Ambas somos apaixonadas pela literatura e nos conhecemos fazendo formação de educadores de escolas públicas com foco na leitura. Isso nos conduziu à escrita do nosso primeiro livro, no qual abordamos mitos sobre a leitura literária na escola, que colhemos de nossas andanças. Nessa obra, já aparecia nosso jeito de costurar as palavras, enlaçando as práticas e as concepções que as sustentam. O retorno dos educadores e formadores que a leram foi sempre muito positivo, com destaque para a fluência e para os exemplos calcados na prática – eles se reconheciam na narrativa.

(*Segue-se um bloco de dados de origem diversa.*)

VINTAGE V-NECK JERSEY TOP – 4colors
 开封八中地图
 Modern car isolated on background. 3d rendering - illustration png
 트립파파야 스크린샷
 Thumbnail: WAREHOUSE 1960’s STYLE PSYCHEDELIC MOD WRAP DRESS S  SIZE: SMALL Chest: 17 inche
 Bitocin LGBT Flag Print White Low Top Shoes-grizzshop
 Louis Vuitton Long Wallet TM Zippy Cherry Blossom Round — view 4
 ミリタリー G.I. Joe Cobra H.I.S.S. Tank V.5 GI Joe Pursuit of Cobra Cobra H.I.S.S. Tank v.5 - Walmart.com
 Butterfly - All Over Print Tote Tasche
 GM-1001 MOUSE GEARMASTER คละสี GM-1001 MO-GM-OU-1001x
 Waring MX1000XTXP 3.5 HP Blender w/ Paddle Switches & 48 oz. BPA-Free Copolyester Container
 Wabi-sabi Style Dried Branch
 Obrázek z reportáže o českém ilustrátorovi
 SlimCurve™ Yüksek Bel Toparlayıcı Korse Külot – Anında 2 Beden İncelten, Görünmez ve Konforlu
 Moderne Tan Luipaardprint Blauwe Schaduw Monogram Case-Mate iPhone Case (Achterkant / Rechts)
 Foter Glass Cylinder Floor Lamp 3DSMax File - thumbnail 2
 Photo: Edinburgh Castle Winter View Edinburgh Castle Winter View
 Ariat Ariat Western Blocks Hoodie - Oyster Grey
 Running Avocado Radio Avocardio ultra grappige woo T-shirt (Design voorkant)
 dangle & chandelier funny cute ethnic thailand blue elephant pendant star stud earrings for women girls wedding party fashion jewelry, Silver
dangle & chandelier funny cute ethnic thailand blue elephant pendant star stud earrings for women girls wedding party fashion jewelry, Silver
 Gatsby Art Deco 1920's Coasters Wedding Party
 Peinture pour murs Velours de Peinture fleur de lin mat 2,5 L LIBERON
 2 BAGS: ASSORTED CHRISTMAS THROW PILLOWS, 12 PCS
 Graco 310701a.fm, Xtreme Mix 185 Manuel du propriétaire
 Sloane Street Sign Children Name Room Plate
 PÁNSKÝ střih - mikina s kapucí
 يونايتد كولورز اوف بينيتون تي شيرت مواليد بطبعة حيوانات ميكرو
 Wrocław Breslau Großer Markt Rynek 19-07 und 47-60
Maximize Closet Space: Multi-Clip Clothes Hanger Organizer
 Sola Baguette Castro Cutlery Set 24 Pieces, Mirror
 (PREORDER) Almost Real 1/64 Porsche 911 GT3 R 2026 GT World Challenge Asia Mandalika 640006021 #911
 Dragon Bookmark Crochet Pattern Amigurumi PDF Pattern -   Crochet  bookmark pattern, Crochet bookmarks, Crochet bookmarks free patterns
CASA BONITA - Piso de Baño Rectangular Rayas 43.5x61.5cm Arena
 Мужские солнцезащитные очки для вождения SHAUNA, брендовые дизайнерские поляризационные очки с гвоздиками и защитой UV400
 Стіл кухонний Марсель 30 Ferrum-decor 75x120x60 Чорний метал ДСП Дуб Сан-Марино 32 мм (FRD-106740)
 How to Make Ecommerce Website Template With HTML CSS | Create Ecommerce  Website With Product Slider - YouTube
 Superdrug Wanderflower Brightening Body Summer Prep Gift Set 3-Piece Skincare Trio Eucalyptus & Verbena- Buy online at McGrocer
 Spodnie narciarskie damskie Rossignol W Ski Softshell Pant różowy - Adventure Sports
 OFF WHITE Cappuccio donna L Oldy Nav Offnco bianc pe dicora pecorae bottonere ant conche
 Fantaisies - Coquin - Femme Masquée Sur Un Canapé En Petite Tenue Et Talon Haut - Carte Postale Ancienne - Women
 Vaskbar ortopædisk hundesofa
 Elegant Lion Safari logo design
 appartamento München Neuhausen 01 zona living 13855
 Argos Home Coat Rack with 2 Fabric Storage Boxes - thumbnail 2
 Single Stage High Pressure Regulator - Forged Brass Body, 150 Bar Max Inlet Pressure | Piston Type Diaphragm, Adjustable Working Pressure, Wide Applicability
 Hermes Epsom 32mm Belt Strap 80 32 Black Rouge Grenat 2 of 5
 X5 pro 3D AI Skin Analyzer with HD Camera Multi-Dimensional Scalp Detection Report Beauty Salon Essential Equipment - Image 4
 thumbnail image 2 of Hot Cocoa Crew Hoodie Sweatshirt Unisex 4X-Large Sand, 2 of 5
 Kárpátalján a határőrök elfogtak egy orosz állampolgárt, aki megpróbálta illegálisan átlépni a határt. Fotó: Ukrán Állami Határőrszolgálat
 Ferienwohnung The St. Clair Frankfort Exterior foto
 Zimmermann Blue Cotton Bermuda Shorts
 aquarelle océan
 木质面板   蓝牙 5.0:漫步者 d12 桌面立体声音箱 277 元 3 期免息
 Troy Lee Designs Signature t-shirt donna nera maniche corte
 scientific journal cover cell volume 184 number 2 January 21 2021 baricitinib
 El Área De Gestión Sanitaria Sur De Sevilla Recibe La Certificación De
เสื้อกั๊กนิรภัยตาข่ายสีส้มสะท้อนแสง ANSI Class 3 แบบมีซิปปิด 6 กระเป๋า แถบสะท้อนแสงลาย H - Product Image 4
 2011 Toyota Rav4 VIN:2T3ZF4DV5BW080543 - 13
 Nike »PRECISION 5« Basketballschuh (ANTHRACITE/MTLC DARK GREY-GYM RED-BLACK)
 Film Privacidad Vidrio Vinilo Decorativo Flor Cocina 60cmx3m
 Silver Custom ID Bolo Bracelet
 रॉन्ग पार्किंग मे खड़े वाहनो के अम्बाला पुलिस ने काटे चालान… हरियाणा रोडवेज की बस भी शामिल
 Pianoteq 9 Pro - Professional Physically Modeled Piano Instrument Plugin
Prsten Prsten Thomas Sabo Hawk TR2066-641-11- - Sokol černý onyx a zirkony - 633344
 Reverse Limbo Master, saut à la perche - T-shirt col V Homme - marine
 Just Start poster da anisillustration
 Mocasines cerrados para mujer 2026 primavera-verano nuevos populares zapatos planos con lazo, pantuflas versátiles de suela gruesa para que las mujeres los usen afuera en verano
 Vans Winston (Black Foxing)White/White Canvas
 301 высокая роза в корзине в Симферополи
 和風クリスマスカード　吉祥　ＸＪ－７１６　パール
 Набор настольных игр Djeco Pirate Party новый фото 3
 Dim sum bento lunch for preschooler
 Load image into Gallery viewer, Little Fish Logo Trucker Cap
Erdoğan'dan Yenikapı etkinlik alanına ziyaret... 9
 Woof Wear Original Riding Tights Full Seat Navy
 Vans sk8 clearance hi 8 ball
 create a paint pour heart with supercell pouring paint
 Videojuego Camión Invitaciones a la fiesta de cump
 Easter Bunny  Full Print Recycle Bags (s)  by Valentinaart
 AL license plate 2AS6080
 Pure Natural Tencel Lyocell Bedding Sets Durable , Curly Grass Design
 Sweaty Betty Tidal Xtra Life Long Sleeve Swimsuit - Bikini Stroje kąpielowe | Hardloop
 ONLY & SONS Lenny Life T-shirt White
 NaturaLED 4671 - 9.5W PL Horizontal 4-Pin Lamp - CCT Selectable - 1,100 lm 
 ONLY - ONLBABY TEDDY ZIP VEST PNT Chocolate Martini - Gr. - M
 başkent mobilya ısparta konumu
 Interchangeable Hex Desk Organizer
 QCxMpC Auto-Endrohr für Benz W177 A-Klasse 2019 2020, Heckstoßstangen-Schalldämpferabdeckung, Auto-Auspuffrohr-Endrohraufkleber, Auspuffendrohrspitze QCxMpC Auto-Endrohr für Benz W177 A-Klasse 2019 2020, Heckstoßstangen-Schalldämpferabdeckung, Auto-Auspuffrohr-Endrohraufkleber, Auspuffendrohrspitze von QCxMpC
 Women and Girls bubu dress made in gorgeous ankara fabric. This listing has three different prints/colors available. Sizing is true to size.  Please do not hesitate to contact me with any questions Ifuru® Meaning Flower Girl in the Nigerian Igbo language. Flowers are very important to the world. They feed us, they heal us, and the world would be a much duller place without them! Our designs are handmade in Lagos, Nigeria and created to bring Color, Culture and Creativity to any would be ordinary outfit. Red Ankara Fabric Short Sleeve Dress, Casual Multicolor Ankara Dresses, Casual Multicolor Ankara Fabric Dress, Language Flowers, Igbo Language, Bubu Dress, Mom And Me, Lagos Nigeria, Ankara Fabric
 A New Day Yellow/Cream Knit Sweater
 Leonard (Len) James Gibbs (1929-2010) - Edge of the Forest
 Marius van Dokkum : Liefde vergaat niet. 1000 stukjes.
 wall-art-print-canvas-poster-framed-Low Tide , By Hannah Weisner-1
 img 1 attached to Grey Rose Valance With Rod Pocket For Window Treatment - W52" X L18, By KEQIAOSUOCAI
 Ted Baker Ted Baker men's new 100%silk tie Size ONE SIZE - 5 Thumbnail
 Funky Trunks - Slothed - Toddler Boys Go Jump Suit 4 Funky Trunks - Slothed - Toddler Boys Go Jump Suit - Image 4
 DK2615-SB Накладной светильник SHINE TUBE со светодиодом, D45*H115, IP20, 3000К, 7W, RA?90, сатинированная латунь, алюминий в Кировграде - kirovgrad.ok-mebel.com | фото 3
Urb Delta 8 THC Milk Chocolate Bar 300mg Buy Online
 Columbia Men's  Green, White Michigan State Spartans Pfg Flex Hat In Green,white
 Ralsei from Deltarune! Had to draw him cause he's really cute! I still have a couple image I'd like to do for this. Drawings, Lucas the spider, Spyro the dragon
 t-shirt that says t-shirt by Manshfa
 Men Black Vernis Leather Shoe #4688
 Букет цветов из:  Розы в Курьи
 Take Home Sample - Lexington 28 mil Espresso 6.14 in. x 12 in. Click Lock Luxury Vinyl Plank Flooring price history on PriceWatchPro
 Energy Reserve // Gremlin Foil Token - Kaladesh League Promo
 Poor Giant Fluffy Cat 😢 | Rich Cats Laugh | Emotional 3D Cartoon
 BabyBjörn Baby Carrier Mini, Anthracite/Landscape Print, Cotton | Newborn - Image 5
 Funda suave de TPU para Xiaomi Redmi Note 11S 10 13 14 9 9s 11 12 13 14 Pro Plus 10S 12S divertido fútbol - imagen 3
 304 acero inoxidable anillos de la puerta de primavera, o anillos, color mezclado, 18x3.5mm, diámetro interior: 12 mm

Quase 10 anos depois, o desejo de compartilhar reflexões mais recentes, ideias e descobertas diante do panorama da leitura literária na escola nos provocou a uma nova empreitada. A escrita foi realizada a quatro mãos, o que nos possibilitou inúmeros encontros de discussão, de deslocamento, de provocações, de incômodos. Foram muitas idas e vindas nesse processo: revisões, reescritas, mudanças de ordem de capítulos, escolha de palavras, de metáforas, de exemplos, de modos de narrar. A forma do livro foi um aspecto importante para nós – afinal, a literatura tem tudo a ver com a maneira pela qual os autores escolhem contar uma história. E queríamos que os leitores vivessem uma experiência em parte literária ao se aproximar desse novo livro.
Selecionamos exemplos reveladores de boas práticas vividas por professores, trazendo suas vozes. À medida que escrevíamos, textos literários caros a cada uma de nós se faziam presentes. Dessa maneira, o livro foi ficando encharcado de uma voz narradora que fala da prática entretecida pelas vozes de autoras e autores literários.
P: O livro propõe ao educador entender a leitura literária como uma experiência humana, com muitas dimensões e sentidos, e sugere a criação ou preservação de espaços e de tempo para essa experiência. Como isso pode contribuir para a formação integral do aluno, inclusive em outras áreas do currículo?
São muitas as camadas. A literatura fala da vida – tudo cabe nela. Reconhecemos seu valor e sua potência na formação humana pela possibilidade que ela abre de pensar sobre si, sobre o mundo e de se colocar na pele de outro. A leitura literária convoca o leitor e, quando bem mediada, contribui fortemente para a formação de um ser humano crítico, que questiona, desconfia, desobedece – afinal, a literatura é subversiva, posto que é arte. Nesse sentido, quando presente na escola, impacta na formação integral dos estudantes e extravasa para as demais áreas curriculares.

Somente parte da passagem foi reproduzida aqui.